The conflict Uber created, for instance, came from it clashing with a public transport provider — taxis. Both services operate in a similar way: they offer door-to-door transportation services and participate in the market with differentiated or non-existent legislation that makes competition unbalanced.
Given their much more complex services, taxis operate according to special set rules. In Mexico, they are regulated by the legislation that relates to the transit, transportation, or mobility regulations of each federal entity. In general terms, this legislation establishes where they should pick up and leave passengers. For example, only taxis authorized by airports can pick up passengers at airports, and that, only if they have a valid concession and use appropriate license plates, road tax payment cards, and stickers.
For tax purposes, taxi drivers who are officially authorized to operate within their zone belong to the tax incorporation regime (RIF) as individuals who provide services, as long as their annual income does not exceed 2 million Mexican Pesos. The reality, however, is that the vast majority of taxi drivers who work in Mexican cities are not officially authorized to do so: They do not fulfill all the requirements for their services to be considered public transportation, are actually referred to as “pirate taxis,” and do not pay taxes.
Uber, on the other hand, was classified by the Federal Economic Competition Commission (COFECE) as a Transportation Network Company (TNC) based on mobile applications. This means that it is a company dedicated to mediating the agreement between users and transport service providers through applications on mobile phones (Plenary Session of the Federal Economic Competition Commission, 2015). It therefore operates with incipient legislation in some states and non-existent legislation in others, which in turn generates uncertainty for all market participants.
Uber initiated its Mexican operations in Mexico City, before the Federal District Transportation and Highway Law had even been repealed. It was argued at the time that Uber drivers — users of services offered by a TNC — operated as providers of private transportation services.
Article 2.– Private Transportation Service: This is the activity by virtue of which, through the authorization granted by the Ministry, individuals, or legal entities, the provider satisfies the needs for the transportation of passengers or cargo directly related either to the fulfillment of their corporate purpose or to the performance of commercial activities, be these of a temporary or permanent nature, and which service is not offered to the general public, Federal District Transportation, and Highway Law.
With the idea that, since Uber drivers did neither operate through any concessionaire or comply with the requirements of uniformity, regularity, or uninterrupted permanence, but offered transitory or permanent passenger transportation services, their regulation was assumed to be a Civil matter, under the modality of carriers with the obligations established in Articles 2647 to 2665 of the Civil Code for the (Mexico City) Federal District.
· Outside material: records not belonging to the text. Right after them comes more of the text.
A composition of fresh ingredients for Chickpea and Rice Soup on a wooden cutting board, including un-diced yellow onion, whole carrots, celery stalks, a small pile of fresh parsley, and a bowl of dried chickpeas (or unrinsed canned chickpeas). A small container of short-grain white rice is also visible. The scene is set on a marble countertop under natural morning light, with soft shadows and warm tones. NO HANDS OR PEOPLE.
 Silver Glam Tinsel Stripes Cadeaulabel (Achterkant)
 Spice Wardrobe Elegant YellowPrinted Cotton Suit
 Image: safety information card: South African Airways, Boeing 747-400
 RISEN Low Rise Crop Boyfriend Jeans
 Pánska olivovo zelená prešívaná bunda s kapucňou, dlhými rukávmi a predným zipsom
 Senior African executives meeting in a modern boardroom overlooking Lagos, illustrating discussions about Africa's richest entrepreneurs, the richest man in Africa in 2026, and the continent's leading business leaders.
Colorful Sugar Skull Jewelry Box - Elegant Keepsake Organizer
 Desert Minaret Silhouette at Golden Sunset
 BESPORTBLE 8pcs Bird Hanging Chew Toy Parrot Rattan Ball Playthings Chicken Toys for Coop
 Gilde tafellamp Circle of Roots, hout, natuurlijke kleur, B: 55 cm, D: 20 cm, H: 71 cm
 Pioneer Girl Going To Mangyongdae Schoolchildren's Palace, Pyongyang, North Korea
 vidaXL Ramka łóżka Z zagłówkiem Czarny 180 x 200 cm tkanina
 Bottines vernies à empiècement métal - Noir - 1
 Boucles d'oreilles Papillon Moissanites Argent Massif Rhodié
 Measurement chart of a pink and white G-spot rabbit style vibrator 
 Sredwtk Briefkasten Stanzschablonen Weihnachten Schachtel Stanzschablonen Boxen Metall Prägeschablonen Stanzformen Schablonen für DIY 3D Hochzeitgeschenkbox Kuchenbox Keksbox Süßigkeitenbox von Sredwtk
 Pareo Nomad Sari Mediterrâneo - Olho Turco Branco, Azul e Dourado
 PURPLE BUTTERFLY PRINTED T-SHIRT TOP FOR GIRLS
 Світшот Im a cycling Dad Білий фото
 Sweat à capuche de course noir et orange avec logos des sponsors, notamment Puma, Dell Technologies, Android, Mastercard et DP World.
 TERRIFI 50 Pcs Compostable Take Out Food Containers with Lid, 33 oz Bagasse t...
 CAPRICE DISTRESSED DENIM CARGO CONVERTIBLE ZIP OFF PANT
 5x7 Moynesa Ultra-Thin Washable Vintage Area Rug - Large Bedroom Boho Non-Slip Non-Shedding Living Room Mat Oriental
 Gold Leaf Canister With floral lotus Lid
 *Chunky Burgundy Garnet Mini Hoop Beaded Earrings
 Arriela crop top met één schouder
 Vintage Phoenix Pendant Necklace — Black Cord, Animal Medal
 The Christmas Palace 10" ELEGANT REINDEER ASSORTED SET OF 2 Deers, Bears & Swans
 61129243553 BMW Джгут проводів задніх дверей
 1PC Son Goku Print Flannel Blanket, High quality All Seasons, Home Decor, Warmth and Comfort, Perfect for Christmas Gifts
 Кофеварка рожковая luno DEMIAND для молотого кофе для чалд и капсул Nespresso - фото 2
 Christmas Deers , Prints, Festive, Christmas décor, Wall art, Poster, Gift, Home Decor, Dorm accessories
Of Carriers and Renters, Civil Code for the Federal District, Article 2646. The contract by which someone is obliged to transport, under his/her immediate direction or that of his/her dependents, by land, by water, or by air, people, animals, merchandise, or any other objects, if it does not constitute a commercial contract (…)
Another modality under which their operation was considered was that of private transportation vehicles, as defined in Article 44, Section II, of the State of Jalisco Road, Traffic, and Transportation Services Law:
Those (vehicles) destined for the transportation of people or things, when this activity constitutes a service that the State administers or operates, except for rental vehicles or taxis, by virtue of concessions or permits.
Uber has also been considered under the modality of mixed service providers, authorized to transport passengers, light cargo, or objects, with its transportation activities considered as Civil matters, as in Articles 2304 to 2320, which cover matters related to a transportation contract:
Article 2304. A transportation contract is defined as the agreement between a person, denominated a carrier, who undertakes to transport, under his/her immediate direction or that of his/her dependents, by land, by water, or by air, people, animals, merchandise, or any other goods, and between another person, denominated a passenger or shipper, who uses the transport for himself or to move goods, in exchange for the payment of a certain amount of money, if it does not constitute a commercial contract (…)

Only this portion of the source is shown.